The Birth of an Icon
In 1921, while still employed at the Kansas City Film Ad Company (formerly the Kansas City Slide Company), Walt Disney decided to create short animated films that he called “laugh-o-grams” with his partner Ub. These first few animated shorts were produced in Walt’s garage. He continued to work at the KC Film Ad company until the spring of 1922, when he quit his job and rented a space in the McConahy Building at 1127 E. 31st Street for an animation studio. And on May 18, 1922, Walt officially had paperwork commissioned for Laugh-O-Gram studios.
Laugh-O-Gram studios received a steady stream of business, including a film commissioned by a local dentist called "Tommy Tucker’s Tooth", which highlighted the benefits of brushing one’s teeth. However, a commission on six short fairy tales fell through when the company that had financed them went bankrupt, and Walt was frustrated. Not one to give up easily, Walt was soon working on a new project called Alice’s Wonderland. This film combined animated characters with a live-action “Alice”, played by Kansas City-native Virginia Davis.

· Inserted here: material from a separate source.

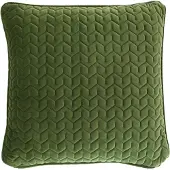 Madison | Home Dublin Moss Green sierkussen 42x42 cm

Walt struggled along through the summer of 1923, nearly bankrupt, until encouragement arrived in the form of M.J. Winkler, a New York distributor who expressed interest in Alice’s Wonderland. Sadly, Walt just couldn’t catch a break, and ran out of funds. In the fall of 1923, Walt headed west to Hollywood, with Laugh-O-Gram studios officially declaring bankruptcy in October, 1923.
While in Hollywood, Walt formed the now famous Walt Disney Company with his brother Roy. Determined to be a success, Walt and Roy continued on with their Alice films, now a series titled The Alice Comedies. Luckily for them, M.J. Winkler was still interested, and in 1923, the first few Alice films were successfully made and distributed. However, at the beginning of 1926, Walt began to express disillusionment with these films. He decided to finish out his obligations to the series, and move on. After The Alice Comedies, Disney was busy with the creation of Oswald the Rabbit, a comical, animated rabbit who had a penchant for pranks and starred in several Disney films, like "Poor Papa" and "Trolley Troubles".

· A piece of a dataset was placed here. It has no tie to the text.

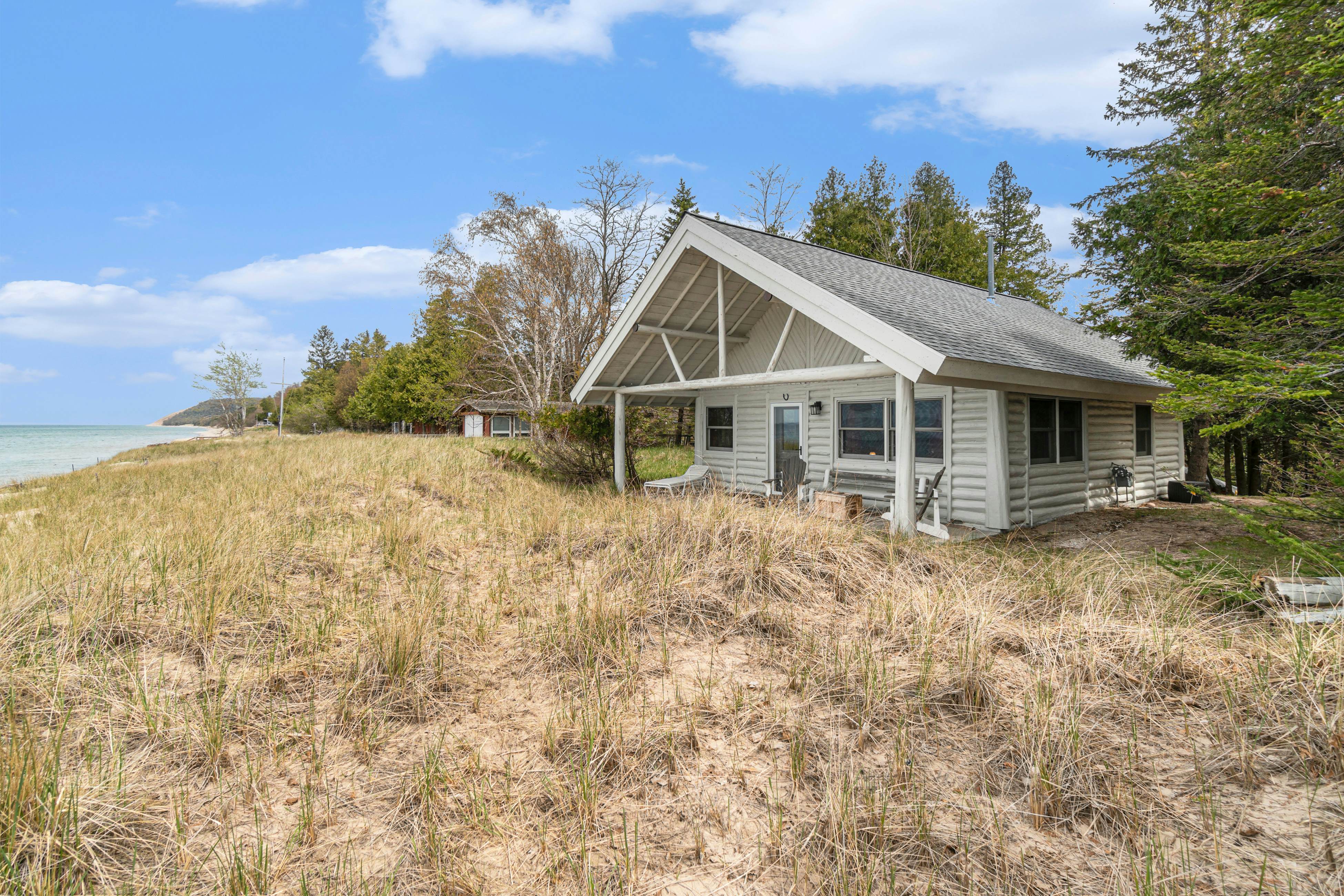 Cedar Crest 2 BD Empire, MI Vacation Rental Vacasa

Oswald was well-received by critics, and corresponding merchandise only added to the notoriety of the films. Dazzled by their newfound success, the Disney brothers purchased adjoining lots for their studio, and built homes for themselves and their respective wives. What Walt didn’t know, however, is that one of his distributors, Charles Mintz, was scheming behind his back. Mintz lured Disney employees away from the young company with offers of higher salaries and more artistic freedom. Blissfully unaware and naturally trusting, Walt refused to listen to his friend Ub (who was aware of Mintz’s schemes) and was shocked when he traveled to New York and was met with the news that Mintz had gained control of Oswald and most of Disney’s employees.
With only a cross-country train ride to think up a new idea, Walt was desperate to create the next animation sensation. As his train passed through Union Station in his old hometown of Kansas City, Walt was reminded of the small mouse called Mortimer he had tamed while at Laugh-O-Gram Studios. Disney had captured this mouse, and kept it as a pet, feeding it crumbs and even making sure it was released into safety once he left for Hollywood. Inspired by his mouse from Laugh-O-Gram Studios, Walt returned to Hollywood full of ideas about an animated mouse, and was determined to make Mortimer (soon changed to “Mickey” after a helpful suggestion from Walt’s wife) an even bigger sensation than Oswald. The entertainment industry would eventually gain a huge star in Mickey, all thanks to the little mouse from Kansas City.